Claude Collector Adapter

id: AGENTIC-WP-0002-T02
status: done
priority: high
state_hub_task_id: "3b4e6b35-b4f3-40dc-a845-7ac78aa20d62"

Implement adapters/claude.py: read ~/.claude/projects/<cwd>/<uuid>.jsonl, discriminate on type, reconstruct the turn DAG via uuid/parentUuid, map records onto SessionEvent.kind, capture message.usage into the cost block, handle agent-*.jsonl sidechains (is_sidechain), and resolve repo/domain from cwd. Verify against real local sessions in this repo's project dir. No Codex/Grok work in Phase 0 (designed for, not built).

Tier 1 / Tier 2 Store

id: AGENTIC-WP-0002-T03
status: done
priority: high
state_hub_task_id: "2387258e-ba6d-4a41-919e-f2f4e0822110"

Implement core/store.py: SQLite for Session/SessionEvent rows plus a blob dir for payload_ref bodies (Tier 1), and a compact digest table (Tier 2). Writes are idempotent on (session_uid, seq).
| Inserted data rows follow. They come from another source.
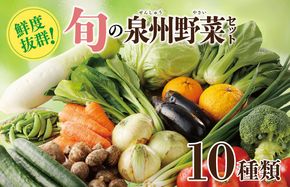 099H2491 【スピード発送】新鮮 野菜セット 10種類【国産 新鮮 おまかせ お楽しみ 旬 詰め合わせ 泉州野菜】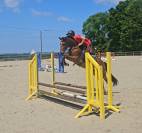 Poneys  d de sport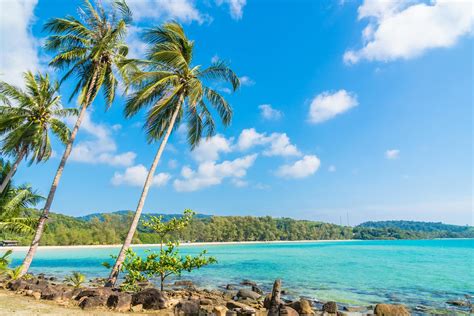 Coconut palm trees on the beach 2088009 Stock Photo at Vecteezy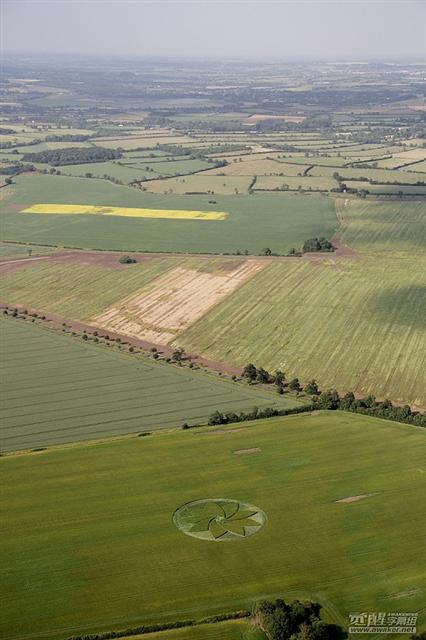 Crop circle 2013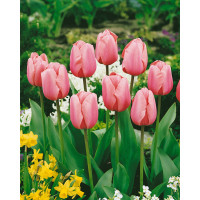 Tulipa ´Pink Impression´ / Tulipán, bal. 10 ks, 11/12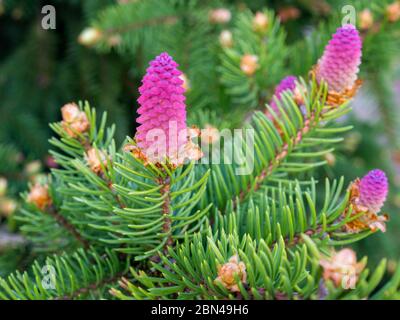Seltene Nadelpflanzen. Blühende Baumfichte Acrocona (Picea abies Acrocona), die Zapfen sehen aus wie eine rosa Rose. Weiche Nadeln von blassgrüner Farbe. Stockfoto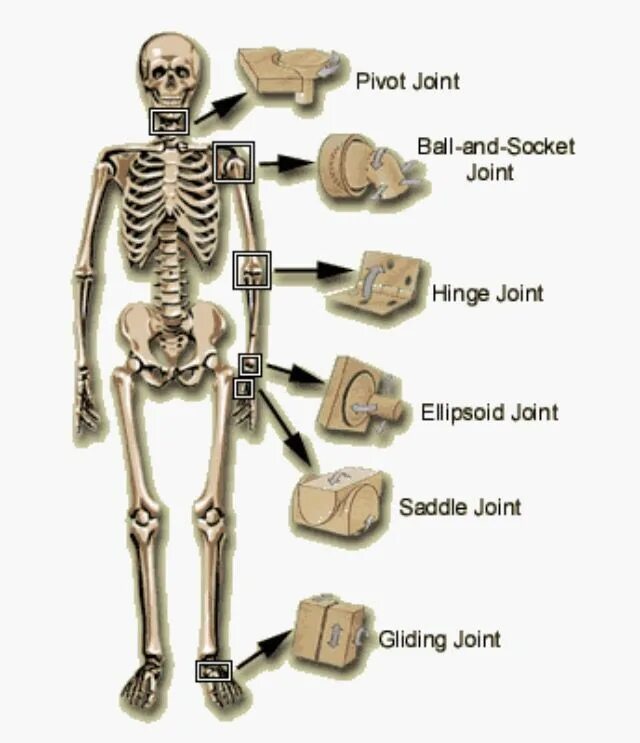 Human join. Types of joints. pivot joint. vojta therapy positions on sceleton and musels.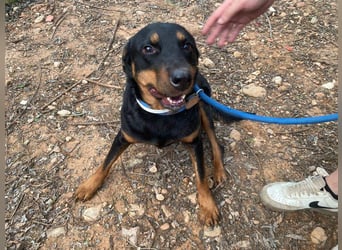 Tapfere NENA-liebevoll, sanft, zutraulich, verschmust sucht endlich Geborgenheit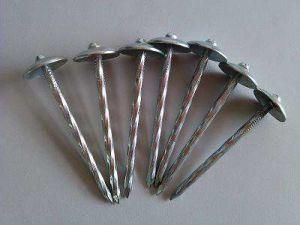 Bright Polished Common Umbrella Head Nails Galvanized Nails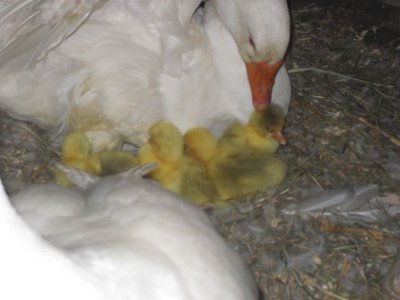 ochette.jpg (59.83 KiB) Osservato 647 volte ochette.jpg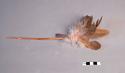 Guarru of native "turkey" feathers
Provide usage-bytes accounting for Tier 1 (rows + blobs) and Tier 2, used by retention.

Session Digest (Tier 1 → Tier 2)

id: AGENTIC-WP-0002-T04
status: done
priority: medium
state_hub_task_id: "017d8e90-633a-49f2-b342-8690938798cd"
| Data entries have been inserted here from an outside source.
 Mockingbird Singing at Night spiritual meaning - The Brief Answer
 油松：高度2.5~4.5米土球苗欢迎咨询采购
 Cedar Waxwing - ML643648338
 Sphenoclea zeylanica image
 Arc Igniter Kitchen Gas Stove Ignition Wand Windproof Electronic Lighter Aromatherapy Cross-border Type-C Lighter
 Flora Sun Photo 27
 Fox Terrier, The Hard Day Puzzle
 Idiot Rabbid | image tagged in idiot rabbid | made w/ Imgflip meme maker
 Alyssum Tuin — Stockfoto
Implement core/digest.py: produce a per-session digest (outcome heuristic, cost totals, tool histogram, error/retry/human-intervention markers, key snippets) and set analyzed_at. This is the promotion step that makes a session evictable. Signal extraction beyond the digest stays stubbed for the Detect phase.

Budget-Based Retention Sweep

id: AGENTIC-WP-0002-T05
status: done
priority: high
state_hub_task_id: "89177c79-528e-4023-a7eb-67f8e0276ba9"

Implement core/retention.py per design §5: backstop pass (raw_max_age_days), budget pass (evict oldest analyzed_at first while over raw_soft_cap_bytes, never touching un-analyzed sessions), and the hard-cap overflow path (analyze-now, then last-resort evict oldest un-analyzed with a reported data_loss event). Enforce the invariant: raw bytes are never dropped before the Tier 2 digest exists (except the reported overflow path). Cover each branch with tests using synthetic sessions and tiny caps.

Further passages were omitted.